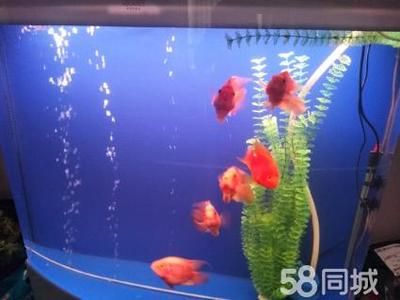 1.8米魚缸養(yǎng)多少鸚鵡魚：1.8米魚缸養(yǎng)多少條鸚鵡魚取決于多個因素 魚缸定做 第3張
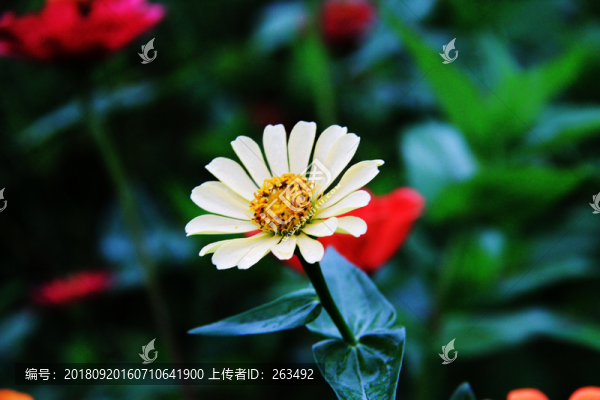 百日菊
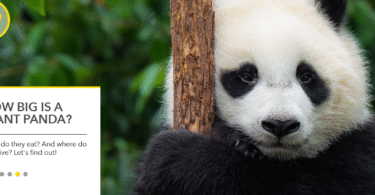 Screenshot 2025 08 18 084212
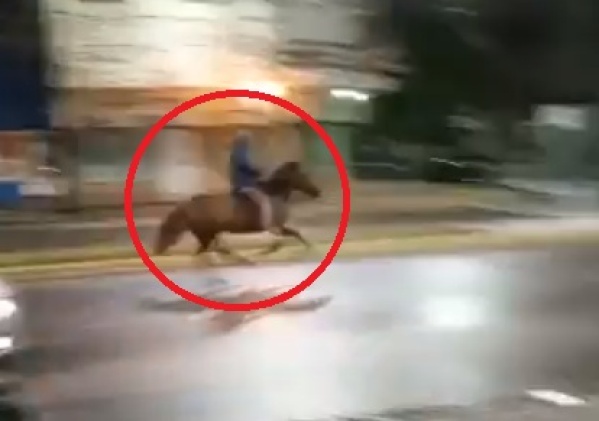 A rienda suelta en La Plata, escap&oacute; de la polic&iacute;a montado a un caballo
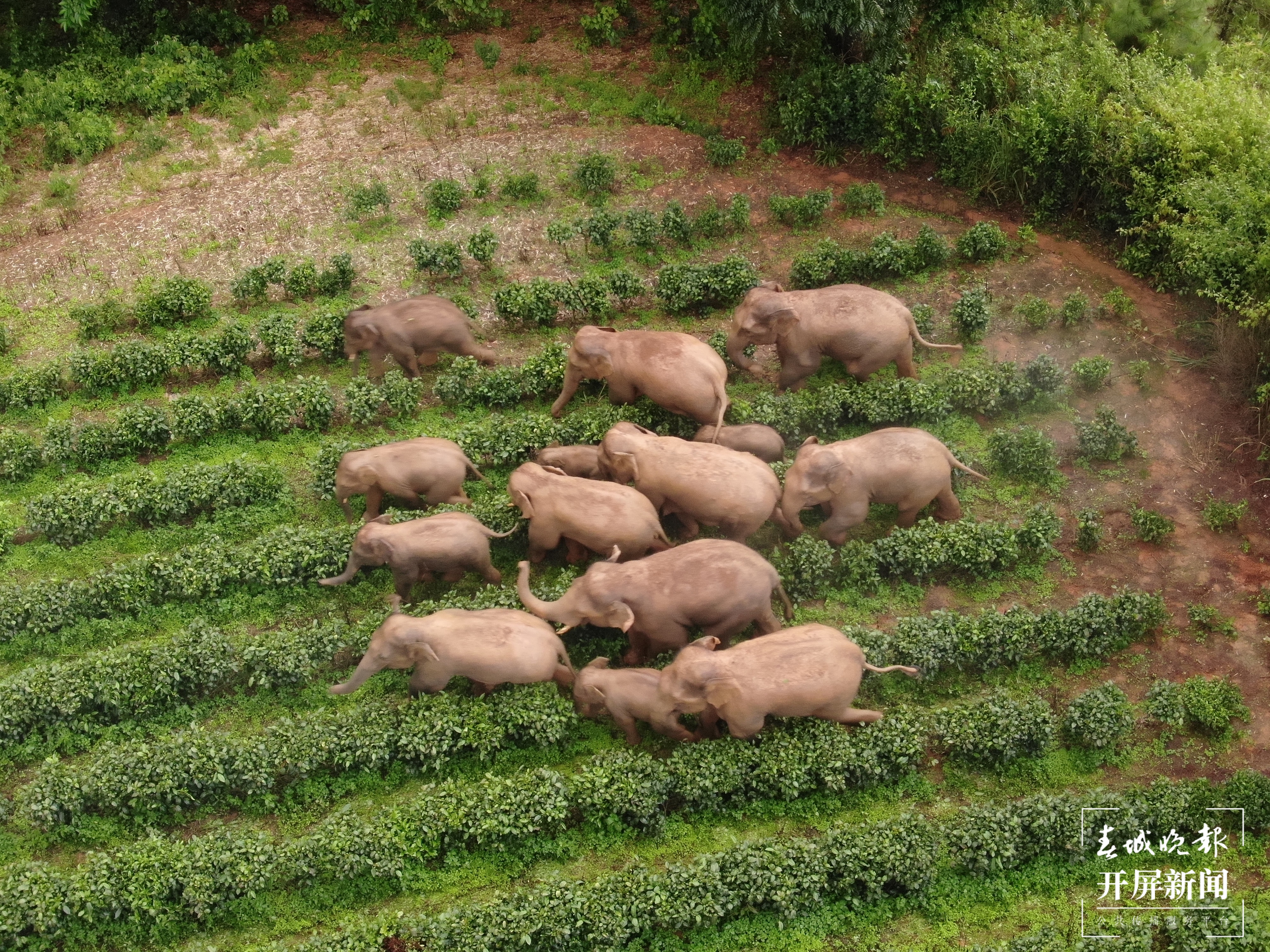 北移亚洲象群搜寻监测任务转入常态化监测管理 (7).jpg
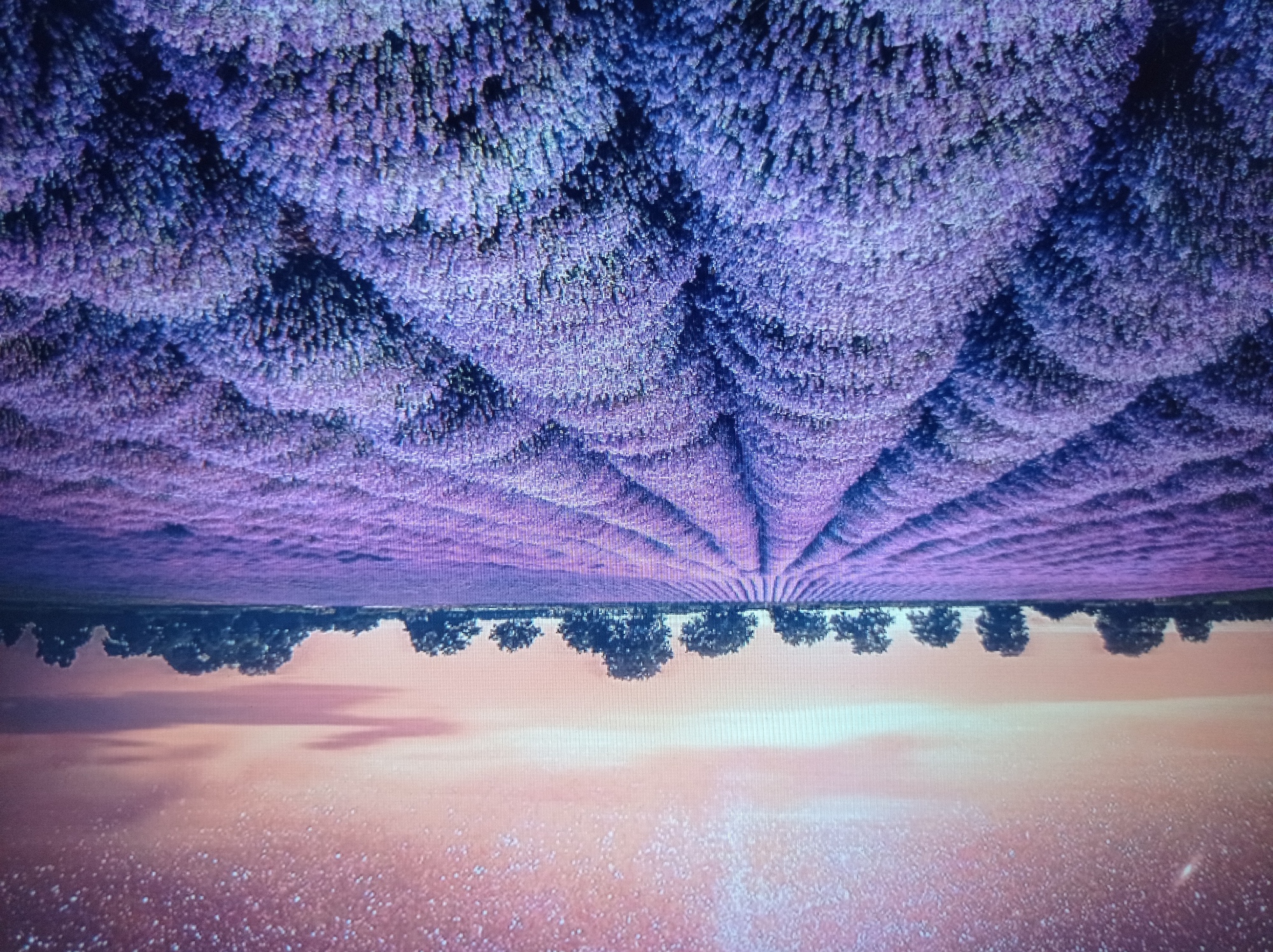 The image depicts a vast field of blooming lavender stretching into the distance under a twilight sky dotted with stars. Rows of dense, purple lavender plants form undulating waves across the landscape, creating a textured and visually striking pattern. In the background, a line of trees stands silhouetted against the horizon, their forms softened by the low light. The sky is a gradient of soft pinks, oranges, and blues, with streaks of clouds hinting at the fading light of day and the emerging night. The overall impression is one of serene natural beauty and expansive open space. There is no indication of any urban environment, including the city of Mukachevo, Ukraine. The scene is devoid of people or any human activity.
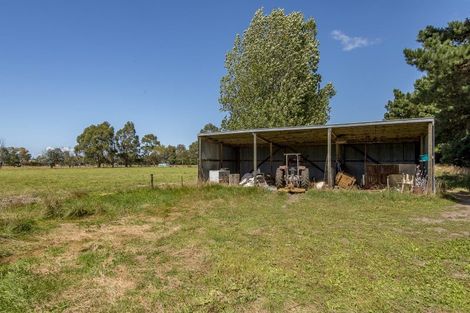 Photo of property in 246 Amberley Beach Road, Amberley, 7481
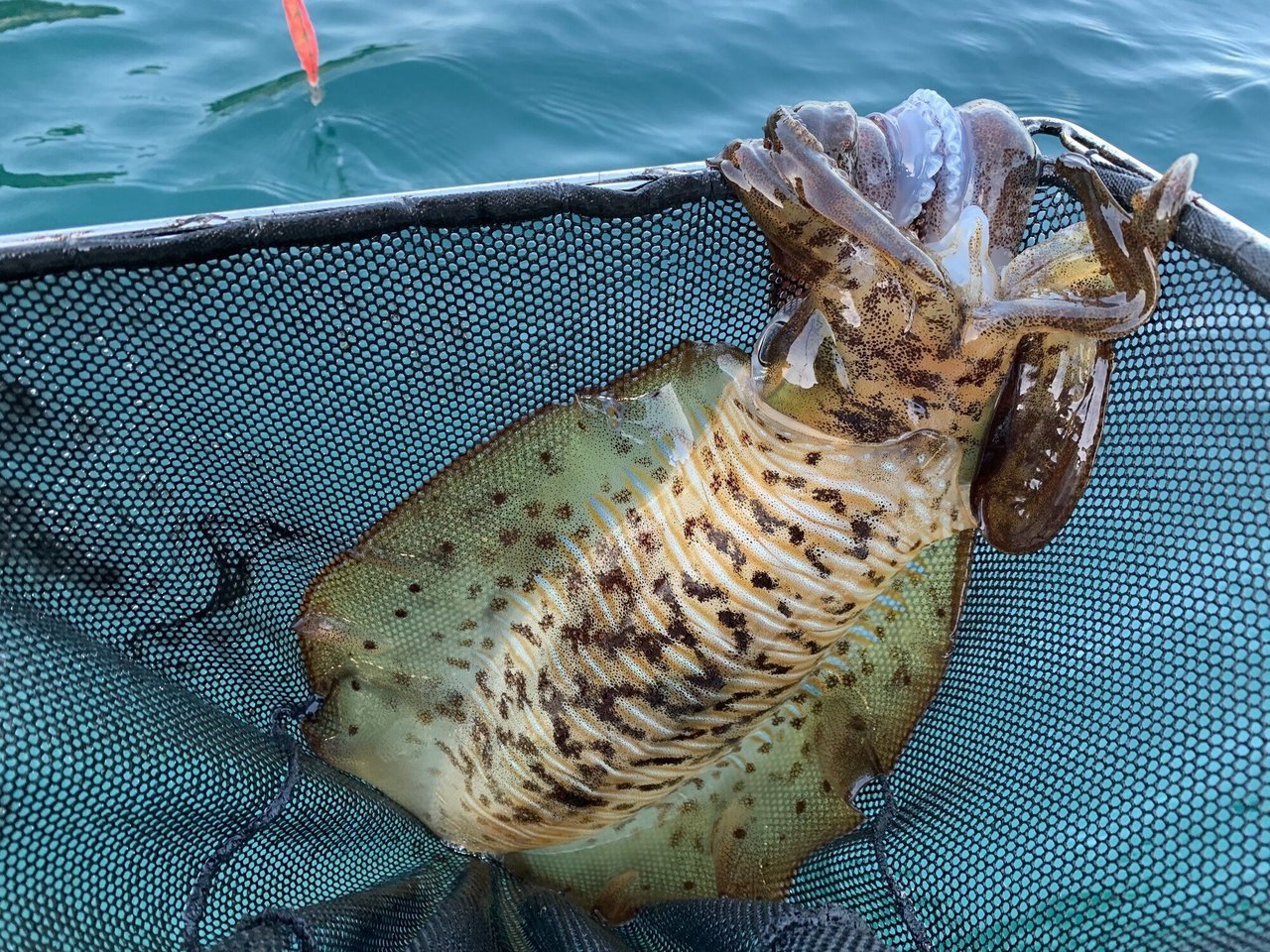 アオリイカの写真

*WHAT IS NEEDED:* In the listing above, find the line containing "Screenshot 2025 08 18 084212" and the line containing "北移亚洲象群搜寻监测任务转入常态化监测管理 (7).jpg", then output those two lines and everything between them exactly as written, without the images.

*REPLY:*
 Screenshot 2025 08 18 084212
 A rienda suelta en La Plata, escap&oacute; de la polic&iacute;a montado a un caballo
 北移亚洲象群搜寻监测任务转入常态化监测管理 (7).jpg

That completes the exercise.